Provided data START

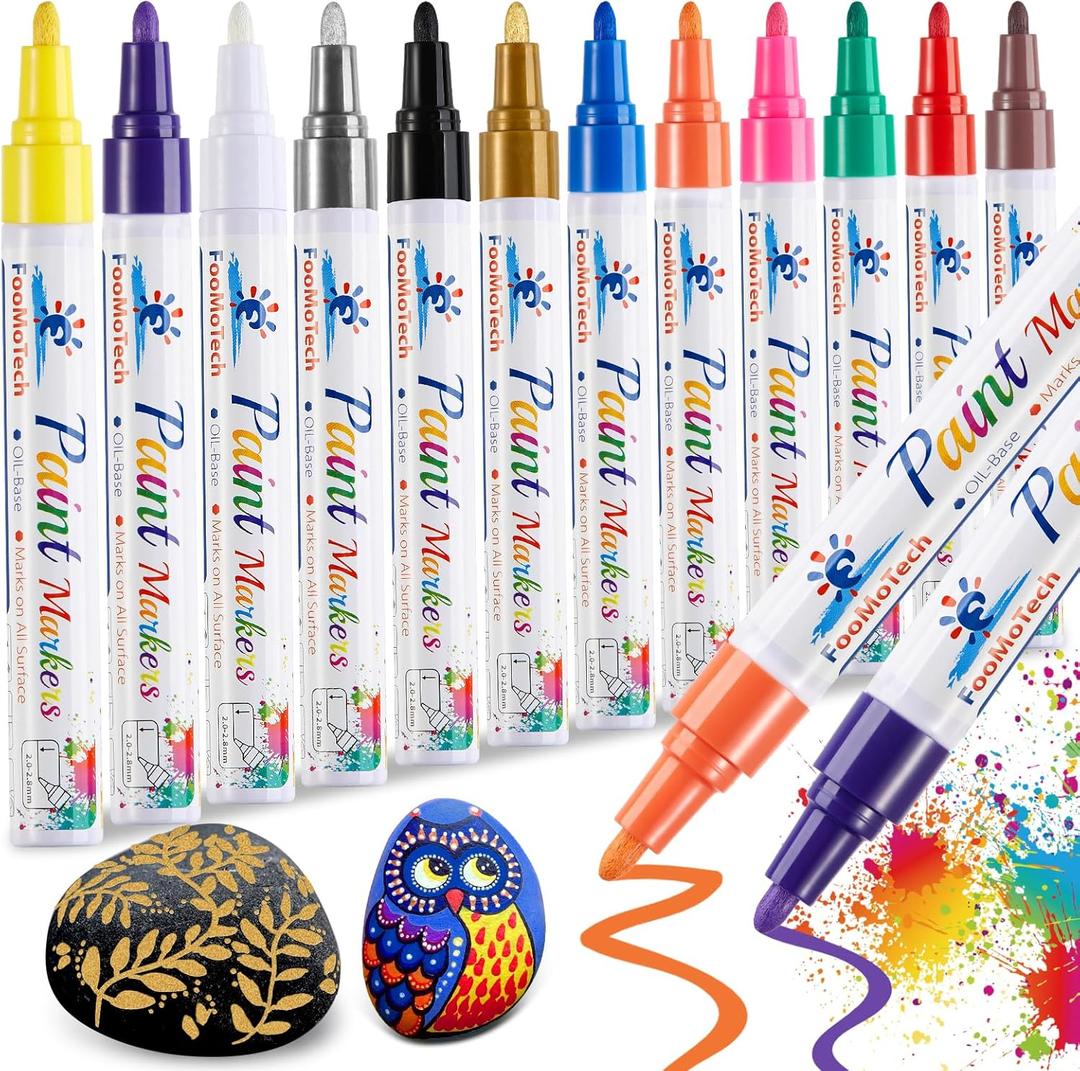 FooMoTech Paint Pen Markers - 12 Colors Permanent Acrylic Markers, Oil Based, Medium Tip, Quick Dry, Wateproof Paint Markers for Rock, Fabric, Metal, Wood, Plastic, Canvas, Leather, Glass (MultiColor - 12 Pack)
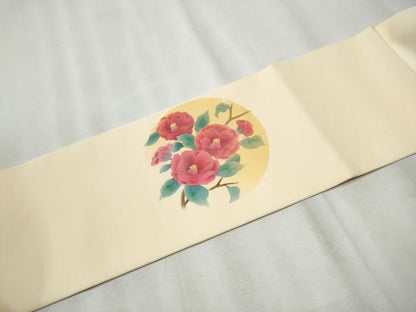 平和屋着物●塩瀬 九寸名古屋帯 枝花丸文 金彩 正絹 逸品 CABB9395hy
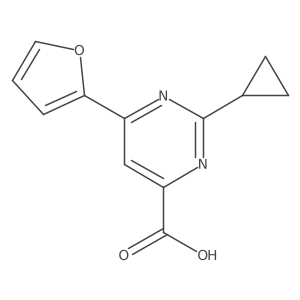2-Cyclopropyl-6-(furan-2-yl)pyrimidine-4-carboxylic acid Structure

Provided data END

Transcribe the material above in full. No picture is to be copied.

Response to the exercise:
 FooMoTech Paint Pen Markers - 12 Colors Permanent Acrylic Markers, Oil Based, Medium Tip, Quick Dry, Wateproof Paint Markers for Rock, Fabric, Metal, Wood, Plastic, Canvas, Leather, Glass (MultiColor - 12 Pack)
 平和屋着物●塩瀬 九寸名古屋帯 枝花丸文 金彩 正絹 逸品 CABB9395hy
2-Cyclopropyl-6-(furan-2-yl)pyrimidine-4-carboxylic acid Structure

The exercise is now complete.